Налицо – обоюдное разочарование. Сбылось давнее предчувствие Марины Ивановны: «Во многом я тебе не собеседник, и тебе будет скучно и мне, ты найдешь меня глухой, а я тебя – ограниченным» (ЦП, 379). Переписка позволяла им, пусть на миг, вырваться из собственных тел и бытовых обстоятельств, позволяла, хотя бы на бумаге, дышать пьянящим воздухом чистого чувства – тем самым, который наполняет их стихи и прозу. Оба хотели большего, но, увидевшись, не узнали адресатов собственных чувств. Бесплотные образы возлюбленных, возникшие когда-то в ходе переписки, растаяли окончательно.
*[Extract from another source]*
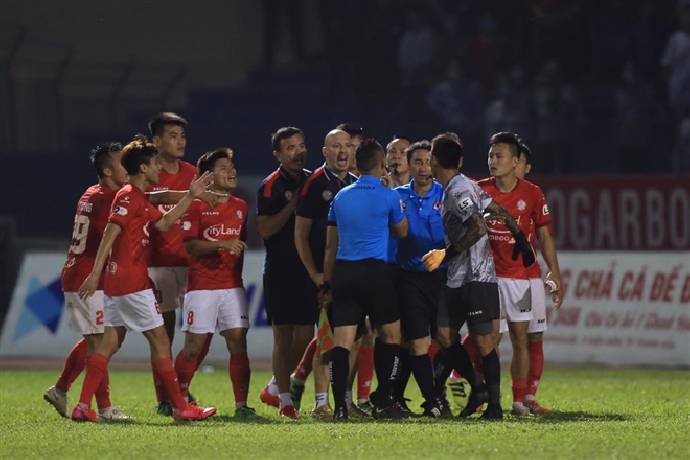 TP.HCM li&ecirc;n tiếp nhận &aacute;n phạt từ VFF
Они по-прежнему высоко ценили творчество друг друга. Однако сама поэзия отошла в их отношениях на задний план. Марина Ивановна неожиданно для себя открыла, что Пастернаку отнюдь не чужды простые радости жизни, которые сама она презирала с ранней юности и до последнего часа. Он не скрывал от подруги, что ради заработка мог «гнать» по 100—150 строчек перевода в день (разумеется, если речь шла о второсортных стихах). Благодаря этому Борис Леонидович не только кормил две семьи и помогал множеству знакомых (в том числе родственникам «врагов народа»), но и выкраивал время для собственного творчества.
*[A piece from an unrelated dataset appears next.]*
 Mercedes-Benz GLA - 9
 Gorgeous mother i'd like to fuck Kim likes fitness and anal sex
А Цветаева не могла осилить больше 20 строчек в день. За полгода до смерти, наевшись досыта подневольного хлеба переводчика, она записала в тетради:
«…Для чего же я так стараюсь нынче над… вчера над… завтра над… и вообще над слабыми, несуществующими поэтами – так же, как над существующими, над Кнапгейсом? – как над Бодлером?
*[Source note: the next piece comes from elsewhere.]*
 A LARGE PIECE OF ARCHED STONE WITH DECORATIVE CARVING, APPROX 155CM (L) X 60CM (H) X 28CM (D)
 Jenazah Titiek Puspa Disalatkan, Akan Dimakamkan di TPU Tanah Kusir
Первое: невозможность. Невозможность иначе. Привычка – всей жизни. Не только моей: отца и матери. В крови. Второе: мое доброе имя. Ведь я же буду – подписывать. … «Как Цветаева могла сделать такую гадость?» – невозможность обмануть – доверие»[83].
В этих строках за отчаянием загнанной в угол женщины явственно слышится звонкий и гордый максимализм юной бунтарки Марины.
Да, несмотря на нескончаемые испытания, она осталась верной идеалам юности, что не могло не смущать Пастернака. Именно это имел он в виду, иронизируя по поводу «Зигфридова пламени» керосинки. Сам-то он уже научился, уступая в мелочах, в главном сохранять духовную независимость от властей. Вдобавок ко всему, мягкого и доброжелательного Бориса Леонидовича не могла не раздражать воинствующая прямолинейность Цветаевой в отношениях с близкими – она смягчала свой нрав лишь в разговорах с чужими людьми. (В письмах это свойство ее характера сглаживало время, отделявшее реплику от отклика.) «Дружить» с ней, получая удовольствие от общения, оказалось практически невозможно…
Поэтому, убедившись, что Цветаева «на очень высоком счету в интеллигентном обществе и среди понимающих», Борис Леонидович постепенно «отошел от нее и не навязывался ей»[84]. Случилось это, по-видимому, осенью 1940 года. Недостатка в доброхотах и почитателях у нее действительно не было. Но, думается, как раз в эти месяцы Пастернак с его природным оптимизмом был нужен Цветаевой, как никогда. Нужен как человек, к мнению которого она все-таки прислушивалась, как лекарство от отчаяния, которое постепенно, но неумолимо овладевало ею, исподволь готовя елабужскую трагедию.